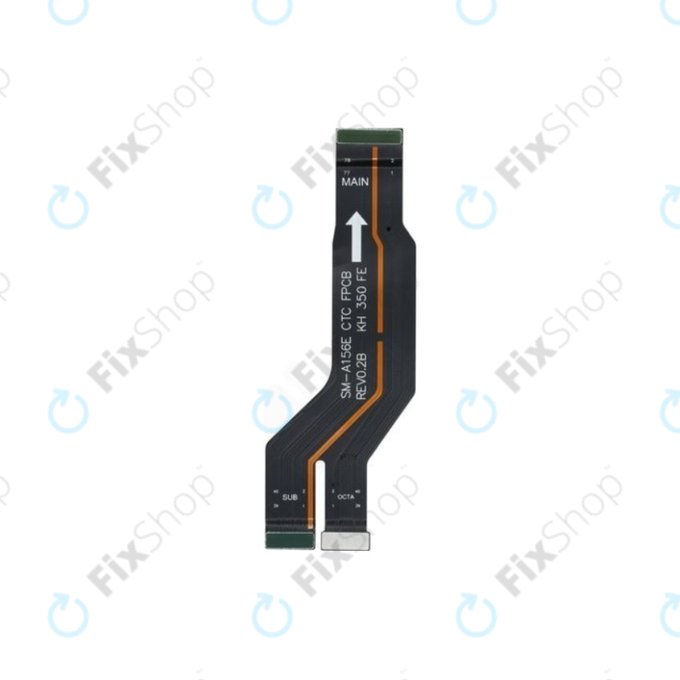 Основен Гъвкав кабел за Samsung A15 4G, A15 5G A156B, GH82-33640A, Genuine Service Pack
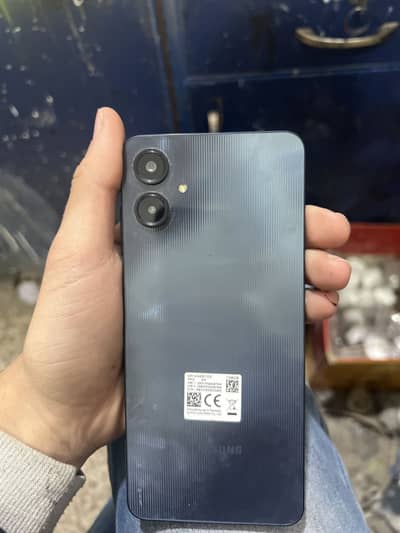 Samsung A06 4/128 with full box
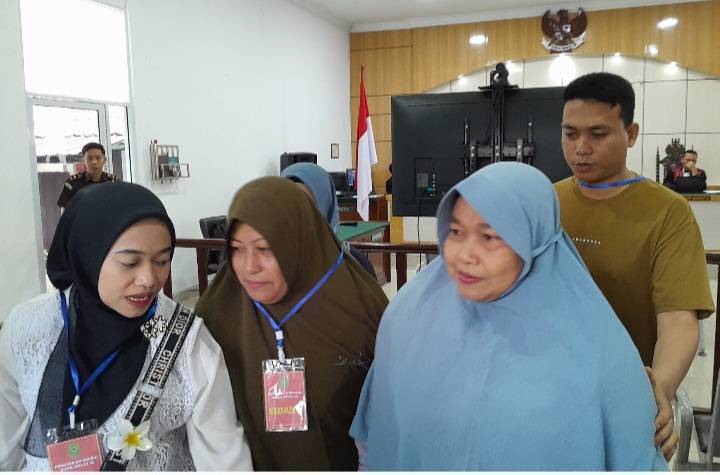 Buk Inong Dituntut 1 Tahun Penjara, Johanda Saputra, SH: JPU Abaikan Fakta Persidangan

**Required work:**
Please output the listing above in full, exactly as given, without its images.

**Expected output:**
 Основен Гъвкав кабел за Samsung A15 4G, A15 5G A156B, GH82-33640A, Genuine Service Pack
 Samsung A06 4/128 with full box
 Buk Inong Dituntut 1 Tahun Penjara, Johanda Saputra, SH: JPU Abaikan Fakta Persidangan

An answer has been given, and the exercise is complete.